There are still unsettled questions that need answering, even deep into the regular season. They entered the process with questions in the starting lineup, in scheme, and elsewhere, but new problems always arise that need to be resolved.
Even questions about who’s starting and when may not have satisfactory answers in their finality, as midseason changes are certainly quite possible, for some positions more than others. We’re also feeling out how the new coordinator posts—or posts in new contexts—end up playing out.
There’s never any shortage of questions when it comes to football, and we’ll be discussing them here on a daily basis for the community to “talk amongst yourselves”, as Linda Richman might say on Coffee Talk.
Question: Why did Cameron Heyward have such a hard time against Patriots rookie guard Cole Strange?
Cameron Heyward might have been salivating when he first got the schedule and saw the starting lineups of his first two opponents. Both were starting rookies at left guard. A guy like Heyward feasts on rookies no matter who they are.
Well, he did that in week one against the Bengals’ Cordell Volson. But it wouldn’t be too audacious to say that Patriots rookie Cole Strange got the better of the perennial All-Pro. It’s rare that I could even consider Heyward as an inclusion in the stock watch series for a ‘down’ evaluation, but this is probably the closest it’s come in a game in which he was healthy in a while.
Maybe you can argue there was a trickle-down effect with the loss of T.J. Watt, and, surely, that’s true to some degree. But he and Strange had plenty of one-on-one reps against one another throughout the course of the game, and he simply didn’t have very many clean wins.

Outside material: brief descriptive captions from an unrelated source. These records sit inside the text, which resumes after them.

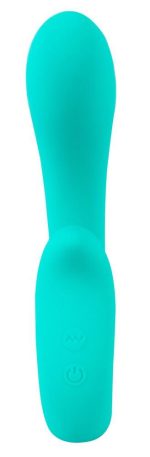 beau coeur Naira Dual Vibrator - obrazek 3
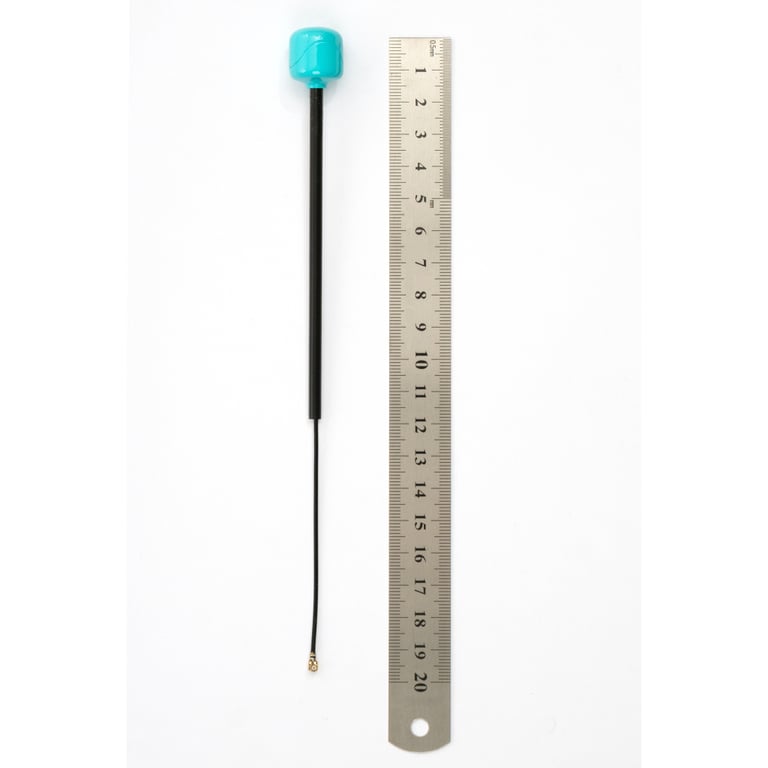Антена для дрона Foxeer Lollipop 4 Plus 5.8G UFL LHCP custom design 1 шт. (PAI474TU2O) - фото 3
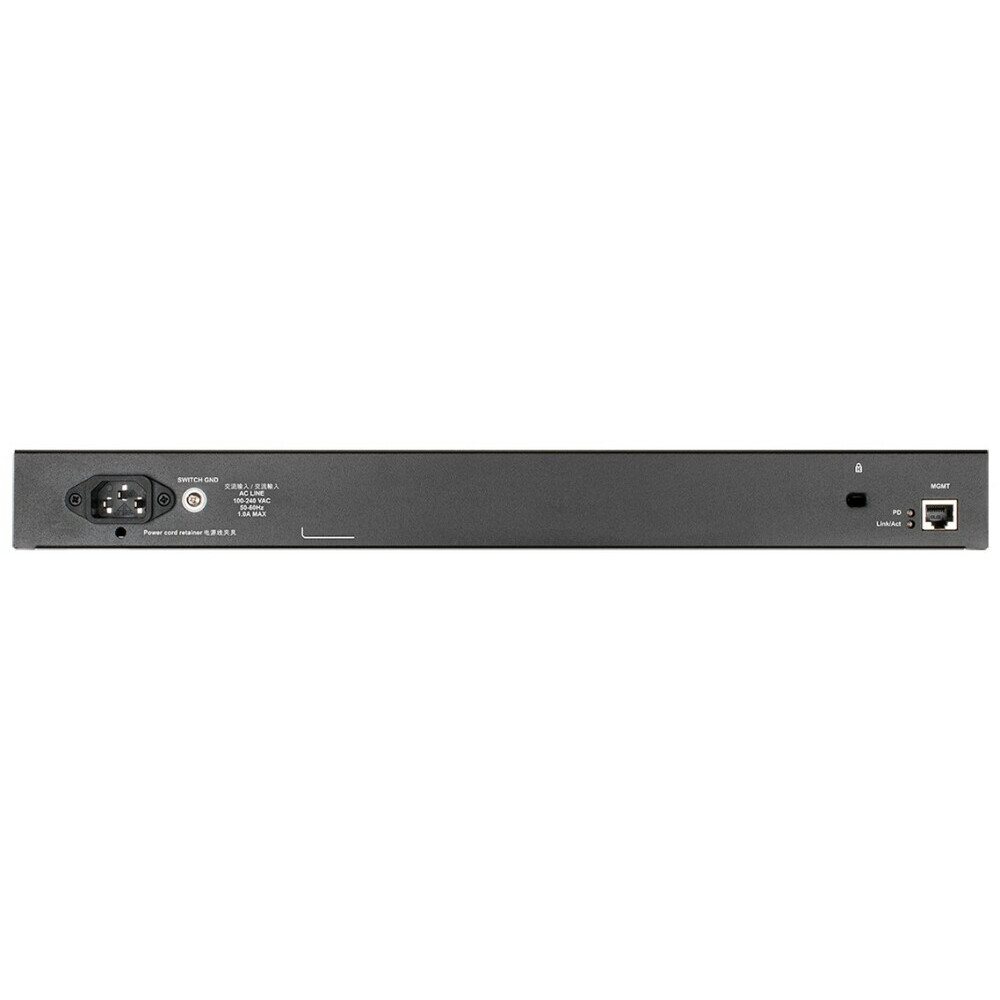 Коммутатор (свитч) D-Link DGS-1520-52 - фото 3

Yes, Strange is good. Or at least he certainly looks the part at the beginning of his career. And he was supposed to. That’s why he was taken in the first round. But this isn’t the first time Heyward’s played against a good guard. He’s made Quenton Nelson look like Doug Legursky.

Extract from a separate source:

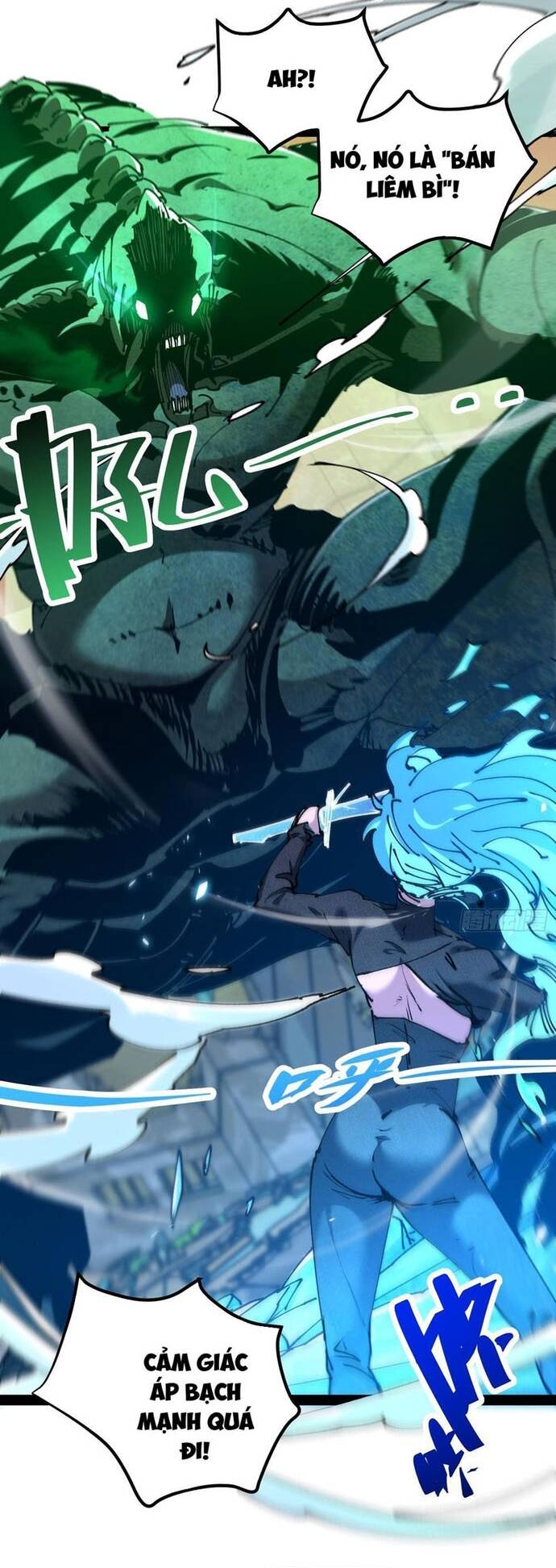 Tận Thế Ập Đến, Ta Tái Sinh Thành Bạo Chúa Chapter 10 - Trang 2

No, this was not one of the games Heyward is going to want to remember after he retires. He’ll want to remember it now, because he’s the kind of guy who focuses on the plays he didn’t make so he can correct them. But the results speak for themselves.
Tomorrow, we’re actually not sure who he’s going to play against. Pro Bowl guard Joel Bitonio is currently ailing, and I’m not sure if he’s going to play. If he can’t go, then the start would go to either Michael Dunn or Hjalte Froholdt, neither of whom are stars nor pushovers.